** Work instructions **
Locate each line with the string "bridge" in the listing below and copy it.

=== Begin Enclosure ===

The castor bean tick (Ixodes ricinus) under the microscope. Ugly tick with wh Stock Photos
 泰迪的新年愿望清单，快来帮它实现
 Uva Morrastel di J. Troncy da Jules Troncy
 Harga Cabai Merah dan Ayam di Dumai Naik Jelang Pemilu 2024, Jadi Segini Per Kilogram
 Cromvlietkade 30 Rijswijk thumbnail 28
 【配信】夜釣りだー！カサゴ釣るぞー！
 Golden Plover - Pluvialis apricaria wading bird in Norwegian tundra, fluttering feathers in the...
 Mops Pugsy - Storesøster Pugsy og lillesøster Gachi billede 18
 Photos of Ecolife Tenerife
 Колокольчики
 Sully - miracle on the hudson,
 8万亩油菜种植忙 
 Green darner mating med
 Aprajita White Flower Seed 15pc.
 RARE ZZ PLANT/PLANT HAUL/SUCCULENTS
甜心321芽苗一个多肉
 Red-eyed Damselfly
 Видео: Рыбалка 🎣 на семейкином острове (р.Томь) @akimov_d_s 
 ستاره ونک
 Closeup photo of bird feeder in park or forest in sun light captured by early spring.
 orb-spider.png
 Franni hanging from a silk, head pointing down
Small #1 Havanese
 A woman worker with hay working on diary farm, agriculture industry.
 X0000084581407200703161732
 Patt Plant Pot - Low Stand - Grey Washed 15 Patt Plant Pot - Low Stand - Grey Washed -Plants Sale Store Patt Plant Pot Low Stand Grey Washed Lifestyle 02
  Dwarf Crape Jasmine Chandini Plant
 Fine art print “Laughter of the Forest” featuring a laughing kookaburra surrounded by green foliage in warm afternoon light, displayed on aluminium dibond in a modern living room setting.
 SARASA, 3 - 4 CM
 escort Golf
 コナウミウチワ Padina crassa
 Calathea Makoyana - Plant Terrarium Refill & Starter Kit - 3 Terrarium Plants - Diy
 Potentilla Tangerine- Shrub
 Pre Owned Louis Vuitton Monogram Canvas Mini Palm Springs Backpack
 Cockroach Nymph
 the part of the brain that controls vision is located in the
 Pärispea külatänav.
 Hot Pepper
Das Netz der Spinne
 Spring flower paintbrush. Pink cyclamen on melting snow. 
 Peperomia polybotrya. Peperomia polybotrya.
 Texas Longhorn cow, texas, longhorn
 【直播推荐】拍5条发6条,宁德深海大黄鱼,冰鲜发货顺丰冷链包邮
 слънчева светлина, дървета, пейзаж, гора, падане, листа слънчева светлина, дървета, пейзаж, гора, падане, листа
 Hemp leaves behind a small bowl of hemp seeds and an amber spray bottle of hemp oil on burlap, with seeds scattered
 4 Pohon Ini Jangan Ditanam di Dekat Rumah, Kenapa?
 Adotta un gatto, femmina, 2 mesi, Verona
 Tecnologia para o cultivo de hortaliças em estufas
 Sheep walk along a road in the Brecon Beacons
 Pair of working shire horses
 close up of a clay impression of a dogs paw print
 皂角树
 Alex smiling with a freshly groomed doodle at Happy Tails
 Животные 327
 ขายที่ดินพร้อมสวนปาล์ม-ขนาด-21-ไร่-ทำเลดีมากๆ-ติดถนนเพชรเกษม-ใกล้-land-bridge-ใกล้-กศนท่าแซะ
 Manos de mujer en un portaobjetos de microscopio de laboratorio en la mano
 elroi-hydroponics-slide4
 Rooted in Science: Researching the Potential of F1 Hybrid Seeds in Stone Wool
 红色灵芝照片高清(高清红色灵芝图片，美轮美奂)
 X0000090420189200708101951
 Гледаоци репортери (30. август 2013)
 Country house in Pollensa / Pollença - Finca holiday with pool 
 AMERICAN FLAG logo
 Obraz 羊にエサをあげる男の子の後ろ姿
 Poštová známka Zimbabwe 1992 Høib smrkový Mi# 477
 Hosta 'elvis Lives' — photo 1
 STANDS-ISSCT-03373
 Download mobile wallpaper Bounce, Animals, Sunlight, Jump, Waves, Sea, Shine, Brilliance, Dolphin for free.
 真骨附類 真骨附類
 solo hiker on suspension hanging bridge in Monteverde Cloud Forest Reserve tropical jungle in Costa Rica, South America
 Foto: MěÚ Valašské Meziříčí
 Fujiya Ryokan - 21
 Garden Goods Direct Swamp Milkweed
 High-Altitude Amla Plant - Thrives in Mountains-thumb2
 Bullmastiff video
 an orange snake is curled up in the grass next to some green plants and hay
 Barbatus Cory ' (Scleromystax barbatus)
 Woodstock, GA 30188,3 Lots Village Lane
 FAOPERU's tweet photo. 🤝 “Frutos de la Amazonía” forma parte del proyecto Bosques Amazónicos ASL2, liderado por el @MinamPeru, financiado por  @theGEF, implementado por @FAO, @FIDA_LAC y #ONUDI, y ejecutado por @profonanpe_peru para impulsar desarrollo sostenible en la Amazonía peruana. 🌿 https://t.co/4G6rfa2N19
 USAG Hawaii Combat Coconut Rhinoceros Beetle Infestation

=== End Enclosure ===

** Solved problem **
 ขายที่ดินพร้อมสวนปาล์ม-ขนาด-21-ไร่-ทำเลดีมากๆ-ติดถนนเพชรเกษม-ใกล้-land-bridge-ใกล้-กศนท่าแซะ
 solo hiker on suspension hanging bridge in Monteverde Cloud Forest Reserve tropical jungle in Costa Rica, South America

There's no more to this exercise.